After I sang songs to the kids, I had only a movie called Tower Heist to keep me out of bed so I went upstairs to finish the book "State of Wonder" which made me cry because the kid in the book suffers and because this is exactly like my novel about the malaria cure and the fertility question and the jungle. Two thoughts: 1) I do not think Ann Patchett stole my idea. 2) If she did, she did it better and faster. I think I write too much. Which might be the point of this post.

Sometimes Erik and I sleep upstairs. Sometimes I sleep upstairs and Erik sleeps downstairs. Sometimes we both sleep downstairs. Last night, I went to sleep upstairs but it was so cold I came downstairs. Except then, in the middle of the night, it was so hot. The heat kept going on every five minutes. It was supposed to be 12 degrees last night but that was a lot of furnace. I woke up every time it went on. My legs itched from the dry air. I got up to put lotion on my legs and vaseline on my lips. Finally, I turned the heat down. Usually, when I go to bed, I turn it to 62 degrees. When I woke up this morning, the temperature was set at 67, which means I'd turned it down from 69! 69 degrees. The waste of the planet on top of a mostly unproductive day.

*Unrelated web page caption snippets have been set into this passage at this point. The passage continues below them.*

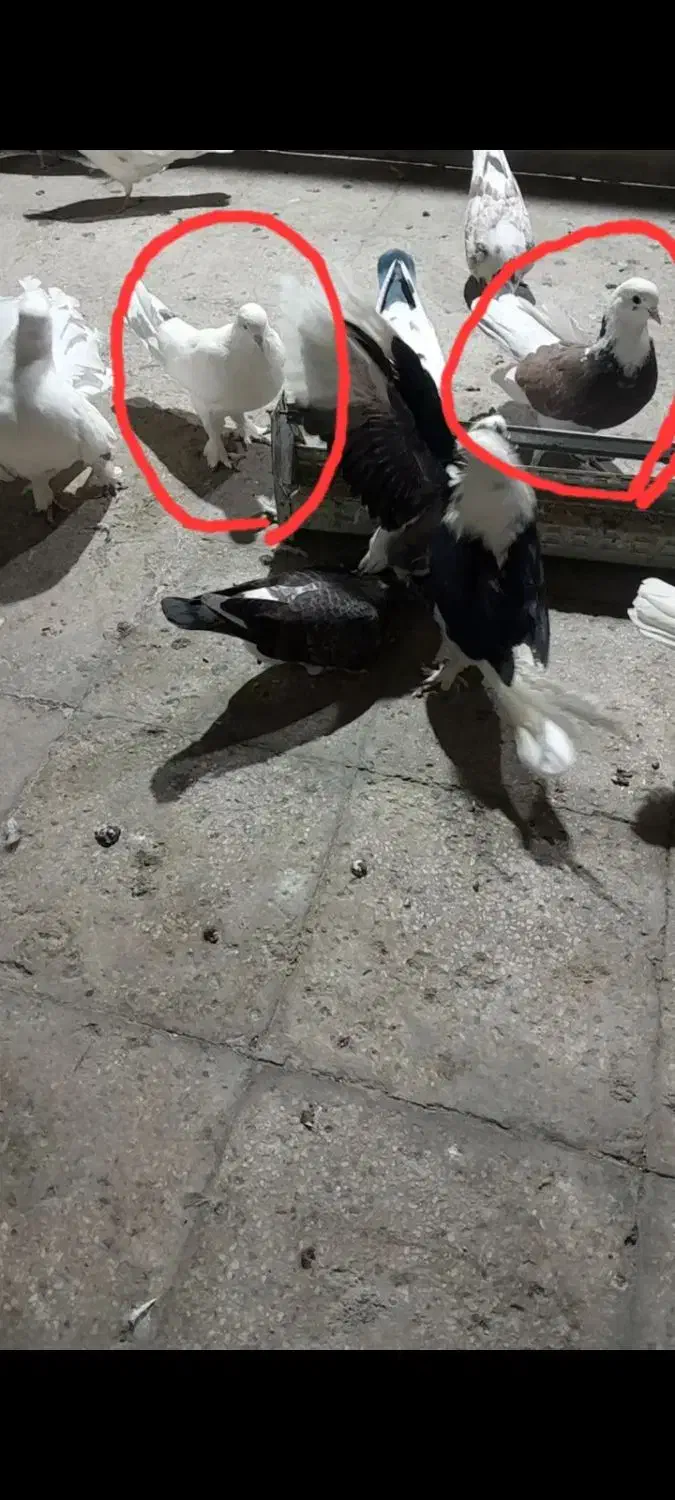 کفتر پرشی|پرنده|تهران, طیب|دیوار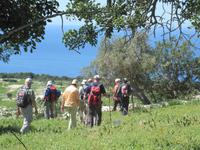Auf dem Weg zur Avagas Schlucht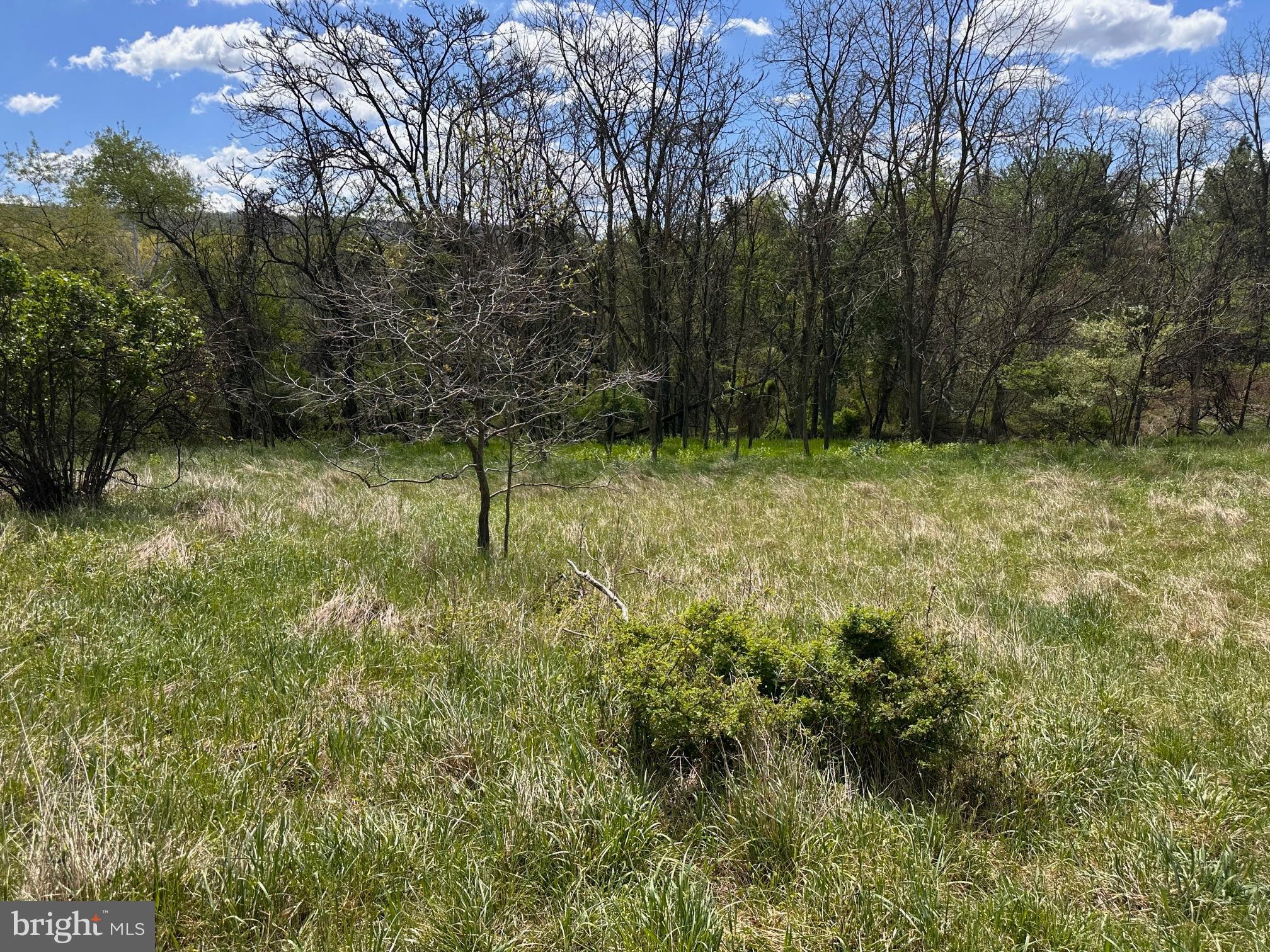 Very nice buildable lot, 22.52 Ac, no restrictions found. Paved roads to the property. Nicely wooded in the back and partially cleared up front.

A wasted day is not a horrible thing. It is,  I think, what you're supposed to do with Saturdays. But today, I'm finishing laundry and mopping the floors and writing the world's longest blog post as well as my 500 words before I go anywhere because even if the house is a mess later and the clothes are strewn all over the floor and the words are written into the void, at least it will feel like a Sunday because the wildness of Saturday is sometimes too much for me.